Thursday, May 12, 2011

I just wanna be alone with your smile

2 things:

  • That damn dream I had this morning. It was the first one about you in months. You were standing there, holding the hand of a girl who was taller, skinnier, and had darker red hair than me. In the beginning, your hair seemed like you cut it, but then I realized it was longer than ever. You were so self-absorbed that you didn't even notice me.
  • Seeing lyrics from Blink-182's "M+M's" on Tumblr. It took me back to that time when we just sat in your car and you played it for me, telling me to listen to all the lyrics. All I wanted was to buy some candy (but not cigarettes) and drive to Madagascar with you. And I thought of how those are your favorite candy, and how I bought you that 42-ounce bag of them when I left for school so you'd eat them at work and think of me.
So I played it, and Dammit came on next, and why does every Blink-182 song have to be about you? Why did I have to start listening to your favorite band so much that I can still remember all the words, even though I haven't listened to them in a year and a half? And then there was Feeling This, and I could remember singing harmony with you in the car, and how you played Down and I didn't really understand it.

And it's not that I miss you, it's that I wish you would have tried harder. Because then I wouldn't be crying about nostalgia, I'd be crying about how I'm going to be in Omaha and you're going to be in Texas for the summer, but I wouldn't be alone tonight because you're not leaving for another couple of weeks.

And I just want to know what makes you smile now and if it still hurts to think about that night, whether you thought about coming after me when I left, and why you never called. And if you talked to your mom or your grandma or your brothers and what they said about me and what if I had gone to your grandma's wedding last summer? How the smell of the Garnier Fructis in my hair doesn't remind me of yours anymore, it's just how my hair smells now.

And how I just want to prove to you how much better off I am without you pulling me down all the time and how you hated my friends and how I hated that you hate everyone. And how you ruined Christmas for me that year and never wanted to introduce me to your family and how I never understood that.

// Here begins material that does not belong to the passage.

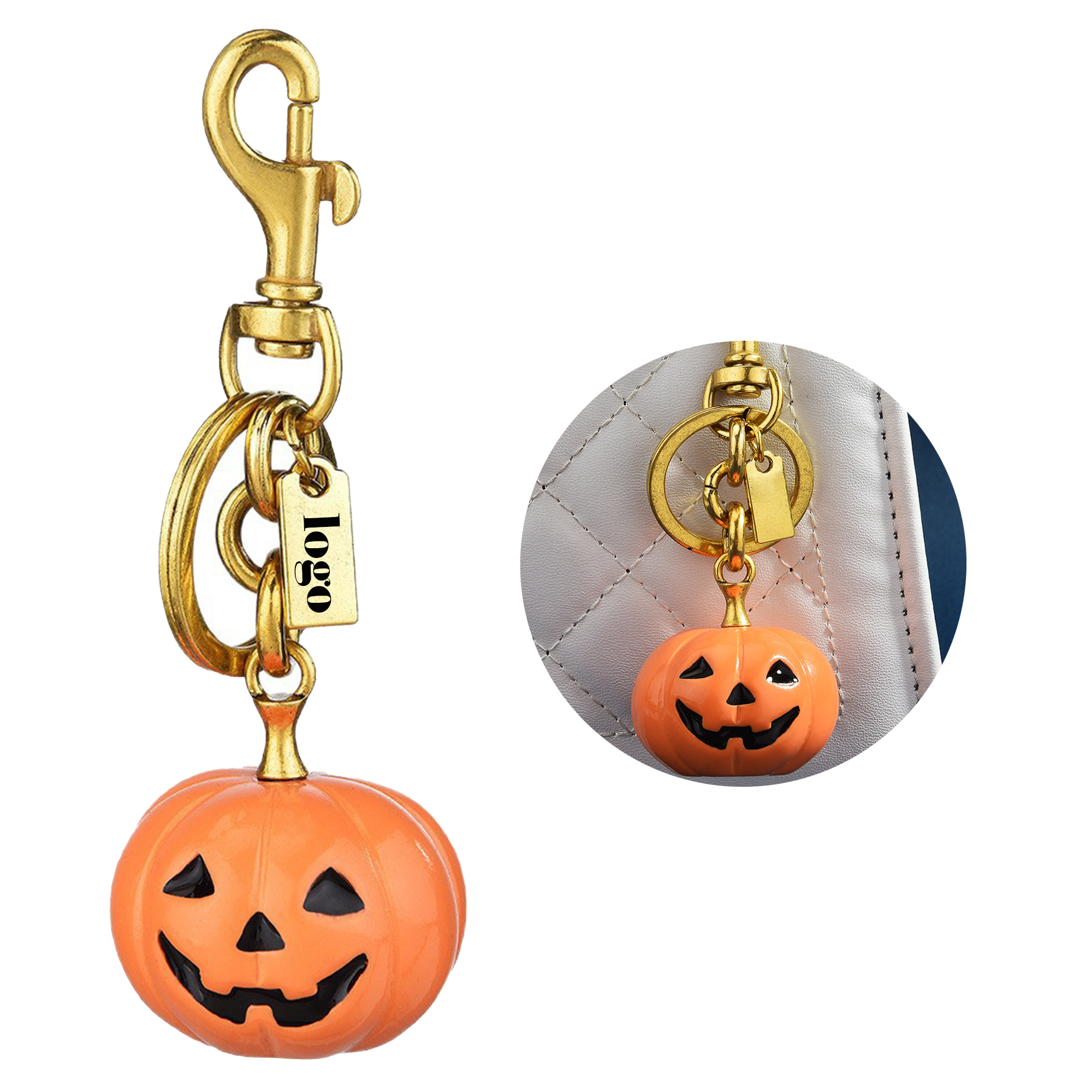 Halloween Pumpkin Face Keychain 1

And how I wish you'd call, still. That you'd want to apologize and show me how you've changed and become a better person. And how I'd pretend not to know who was calling because I deleted your number but can still remember it immediately when I think about it. And how I try not to think about it, but suddenly it's there, just like the way you'd roll your eyes when you were being ridiculous and how much I loved your real smile and how rarely I saw it because you were never happy, just content. And how I couldn't handle just being content and just wanted to make you happy but never could and how I drove myself crazy with that.

And how you had such an amazing smile.